[Help] Harvest Moon - A Wonderful Life - .clz compression

Extraction and unpacking of game archives and compression, encryption, obfuscation, decoding of unknown files
lschmitty
Posts: 2
Joined: Sun Nov 11, 2018 5:54 am

[Help] Harvest Moon - A Wonderful Life - .clz compression

Post by lschmitty »

Hello! I've hit a wall in making progress on ripping the assets from Harvest Moon - A Wonderful Life on Gamecube. The issue is that most of the assets are compressed in .clz files, which are an absolute mystery to me. I'm assuming it's some variation of LZ compression that seems to be common for a lot of Nintendo stuff, but the tools available for this confirm that it's a non-standard compression. As far as I can tell, this compression was only used on this game, the release of the same game with a female main character, and the PS2 port.

I'm sorry this isn't terribly specific - if someone could point me in a helpful direction, that would be great.

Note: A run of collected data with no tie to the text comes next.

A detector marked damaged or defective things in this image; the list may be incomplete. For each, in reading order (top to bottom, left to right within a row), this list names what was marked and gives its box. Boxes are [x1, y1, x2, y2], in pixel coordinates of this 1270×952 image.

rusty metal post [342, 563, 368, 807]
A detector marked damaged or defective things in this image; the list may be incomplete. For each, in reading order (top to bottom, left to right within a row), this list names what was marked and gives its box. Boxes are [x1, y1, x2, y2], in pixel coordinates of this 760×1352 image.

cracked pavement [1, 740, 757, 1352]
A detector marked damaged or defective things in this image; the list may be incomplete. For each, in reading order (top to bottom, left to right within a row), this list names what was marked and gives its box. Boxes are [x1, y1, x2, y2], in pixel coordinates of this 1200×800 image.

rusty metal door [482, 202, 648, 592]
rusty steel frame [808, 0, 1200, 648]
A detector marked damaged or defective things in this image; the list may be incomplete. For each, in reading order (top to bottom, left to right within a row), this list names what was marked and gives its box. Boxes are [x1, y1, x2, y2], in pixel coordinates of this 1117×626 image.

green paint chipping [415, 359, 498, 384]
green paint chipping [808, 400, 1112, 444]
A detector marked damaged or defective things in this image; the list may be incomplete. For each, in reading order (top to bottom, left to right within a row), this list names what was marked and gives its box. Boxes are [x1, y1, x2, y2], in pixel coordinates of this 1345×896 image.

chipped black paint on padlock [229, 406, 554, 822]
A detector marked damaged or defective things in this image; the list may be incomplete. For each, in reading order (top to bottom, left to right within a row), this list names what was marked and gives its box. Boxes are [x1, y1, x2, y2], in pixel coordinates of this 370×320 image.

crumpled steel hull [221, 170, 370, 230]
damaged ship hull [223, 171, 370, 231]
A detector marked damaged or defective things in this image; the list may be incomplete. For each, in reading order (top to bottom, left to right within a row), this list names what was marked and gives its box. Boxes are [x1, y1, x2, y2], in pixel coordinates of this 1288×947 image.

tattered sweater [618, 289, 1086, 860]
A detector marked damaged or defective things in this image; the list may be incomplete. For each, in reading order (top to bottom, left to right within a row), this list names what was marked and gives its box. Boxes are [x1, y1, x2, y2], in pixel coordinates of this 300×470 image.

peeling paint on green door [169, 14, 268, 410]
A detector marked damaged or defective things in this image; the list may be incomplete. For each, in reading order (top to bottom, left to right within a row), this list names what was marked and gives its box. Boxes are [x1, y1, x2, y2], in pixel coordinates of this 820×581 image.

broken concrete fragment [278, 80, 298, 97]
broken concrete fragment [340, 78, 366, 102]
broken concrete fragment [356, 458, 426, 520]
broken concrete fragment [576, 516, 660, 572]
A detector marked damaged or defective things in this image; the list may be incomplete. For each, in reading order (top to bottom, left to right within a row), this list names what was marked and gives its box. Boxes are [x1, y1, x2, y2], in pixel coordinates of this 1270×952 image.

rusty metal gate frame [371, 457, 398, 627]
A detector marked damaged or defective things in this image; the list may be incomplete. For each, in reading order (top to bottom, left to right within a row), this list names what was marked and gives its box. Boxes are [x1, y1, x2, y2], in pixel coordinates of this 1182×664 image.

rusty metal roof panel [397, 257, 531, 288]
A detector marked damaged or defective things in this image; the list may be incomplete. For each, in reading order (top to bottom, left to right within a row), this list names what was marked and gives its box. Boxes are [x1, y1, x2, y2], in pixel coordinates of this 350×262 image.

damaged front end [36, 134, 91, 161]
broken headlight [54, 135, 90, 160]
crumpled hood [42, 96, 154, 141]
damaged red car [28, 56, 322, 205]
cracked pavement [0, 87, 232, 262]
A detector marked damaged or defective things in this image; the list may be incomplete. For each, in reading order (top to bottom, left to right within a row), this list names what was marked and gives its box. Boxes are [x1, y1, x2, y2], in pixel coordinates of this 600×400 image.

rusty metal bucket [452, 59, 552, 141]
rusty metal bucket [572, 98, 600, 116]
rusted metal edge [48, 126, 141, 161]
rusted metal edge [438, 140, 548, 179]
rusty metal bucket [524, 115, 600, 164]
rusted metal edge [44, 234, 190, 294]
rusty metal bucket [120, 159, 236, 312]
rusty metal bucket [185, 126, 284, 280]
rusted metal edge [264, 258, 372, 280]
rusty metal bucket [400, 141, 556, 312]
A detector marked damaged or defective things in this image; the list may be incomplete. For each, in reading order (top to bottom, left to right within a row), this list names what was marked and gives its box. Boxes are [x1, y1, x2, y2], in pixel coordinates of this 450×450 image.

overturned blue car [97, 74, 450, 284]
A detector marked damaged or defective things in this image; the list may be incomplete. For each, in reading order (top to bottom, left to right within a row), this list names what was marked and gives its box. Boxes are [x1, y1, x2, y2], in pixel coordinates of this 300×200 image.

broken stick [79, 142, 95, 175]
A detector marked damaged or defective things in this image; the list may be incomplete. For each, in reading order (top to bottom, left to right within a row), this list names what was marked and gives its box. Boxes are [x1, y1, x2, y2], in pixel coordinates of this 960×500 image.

I'm still playing around with some tools from QuickBMS, but I have a growing sense of dread that I need to reverse engineer the compression. Luckily, there are test files included on the disk that have the same information, where only one is compressed! I've included one example here. Optimistically, this would make determining the compression the file easy.

I'm sure you could tell, but this is my first exploration into reverse engineering something like this. Please pardon my ignorance.

Thanks! :)
aluigi
Site Admin
Posts: 12984
Joined: Wed Jul 30, 2014 9:32 pm

Re: [Help] Harvest Moon - A Wonderful Life - .clz compression

Post by aluigi »

Can you provide bigger compressed samples?
The only good results I obtained (bcl_rice, lzfu_raw and SCUMMVM39) look false positives so I don't think I have a ready solution.

Dummy_Uncompressed.txt is not related to Dummy_Compressed.txt.
lschmitty
Posts: 2
Joined: Sun Nov 11, 2018 5:54 am

Re: [Help] Harvest Moon - A Wonderful Life - .clz compression

Post by lschmitty »

Sure, most of the data for the game is included in .arc.clz files. I think this is similar to a tarball, so after decompressing it should be a valid .arc file. I've used the comtype_scan2.bat tool and similarly had found a couple that were close to being a valid .arc file, but none that worked.

Thank you so much for looking at this, and sorry for the unrelated files. I made a correlation between file sizes, which in hindsight was a bad assumption.
seangibbz
Posts: 9
Joined: Sun Dec 02, 2018 5:53 am

Re: [Help] Harvest Moon - A Wonderful Life - .clz compression

Post by seangibbz »

I've also been looking into the clz compression from A Wonderful Life.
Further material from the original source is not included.